Enabling cost optimized add-on scaling installs the Vertical Pod Autoscaler (VPA)add-on, allowing supported add-ons to autoscale based on usage.

This feature also allows you to customize the resource's default CPU/ memory requests and limits in Deployments and DaemonSets, the maximum and minimum allowed CPU/ memory, and the VPA update mode within VPA custom resources. For more information, see customize the resource configuration for AKS add-ons.

Supported AKS add-ons

The following AKS managed add-ons support the cost optimized add-on scaling feature:

Add-on Enablement behavior VPA custom resource name Command to check VPA custom resource
CoreDNS Enabled by default on new AKS clusters. coredns kubectl get vpa coredns --namespace kube-system
Workload identity Optional add-on that requires manual enablement. azure-wi-webhook-controller-manager kubectl get vpa azure-wi-webhook-controller-manager --namespace kube-system
Image Integrity Optional add-on that requires manual enablement. ratify kubectl get vpa ratify --namespace gatekeeper-system
Network Observability (Retina) Optional add-on that requires manual enablement. retina-agent and retina-operator kubectl get vpa retina-agent --namespace kube-system and kubectl get vpa retina-operator --namespace kube-system

Supported VPA modes for cost optimized add-on scaling

VPA currently supports the following modes for cost optimized add-on scaling:

  • Off: The VPA provides resource recommendation data but doesn't apply it to the target pod.
  • Initial (default mode): The VPA automatically applies CPU and memory recommendations to the target pod when it restarts, but it doesn't initiate the restart itself.
  • Auto: The VPA automatically updates CPU and memory requests for pods based on recommendations.

Note

When enabling cost optimized add-on scaling, consider the following information:

  • If you delete the Deployment, DaemonSet, or VPA custom resource, the changes revert back to the AKS add-on's initial configuration.
  • The cost optimized add-on scaling feature enables the VPA add-on to autoscale the supported AKS add-ons. It doesn't work with self-hosted VPA.
  • AKS restarts the add-on pods when enabling cost optimized add-on scaling. CoreDNS is currently the only exception to avoid potential disruptions during the restart. For more information, see CoreDNS autoscaling behavior.

Warning

Make sure you have enough compute resources on the system node pool for your addons when you enable cost optimized add-on scaling. AKS recommends turning on the cluster autoscaler or node autoprovision to ensure right-sizing of your compute resources automatically. Monitor for pending add-on pods when using the cost-optimized add-on scaling feature. VPA might recommend resource requests that exceed available node capacity, potentially leading to unschedulable pods. You can control this behavior by customizing min/max values for requests and limits of supported addons.

Prerequisites

Important

AKS preview features are available on a self-service, opt-in basis. Previews are provided "as is" and "as available," and they're excluded from the service-level agreements and limited warranty. AKS previews are partially covered by customer support on a best-effort basis. As such, these features aren't meant for production use. For more information, see the following support articles:

Install the aks-preview Azure CLI extension

  1. Install the aks-preview extension using the az extension add command.

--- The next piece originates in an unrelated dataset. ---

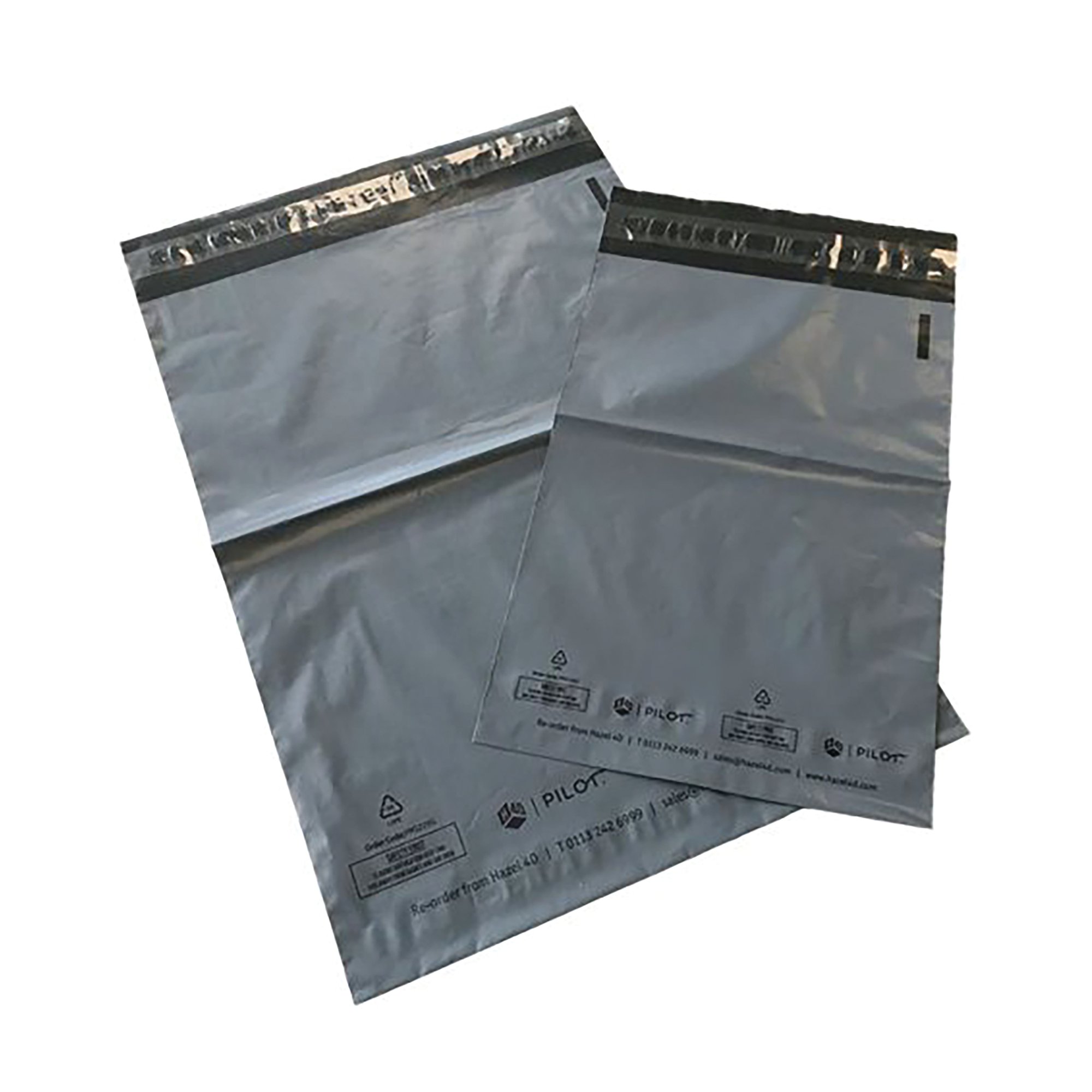 Pilot Opaque Poly Mailing Bag 432x560mm Grey Pack of 500 5056301801162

    az extension add --name aks-preview
    
  2. Update to the latest version of the extension using the az extension update command.

    az extension update --name aks-preview
    

Register the cost optimized add-on scaling preview feature

  1. Register the cost optimized add-on scaling preview feature using the az feature register command.

    az feature register --namespace "Microsoft.ContainerService" --name "AKS-AddonAutoscalingPreview"
    

    It takes a few minutes for the status to show as Registered.

  2. Verify the registration status using the az feature show command.

    az feature show --namespace "Microsoft.ContainerService" --name "AKS-AddonAutoscalingPreview"
    
  3. When the status shows as Registered, refresh the registration of the Microsoft.ContainerService provider using the az provider register command.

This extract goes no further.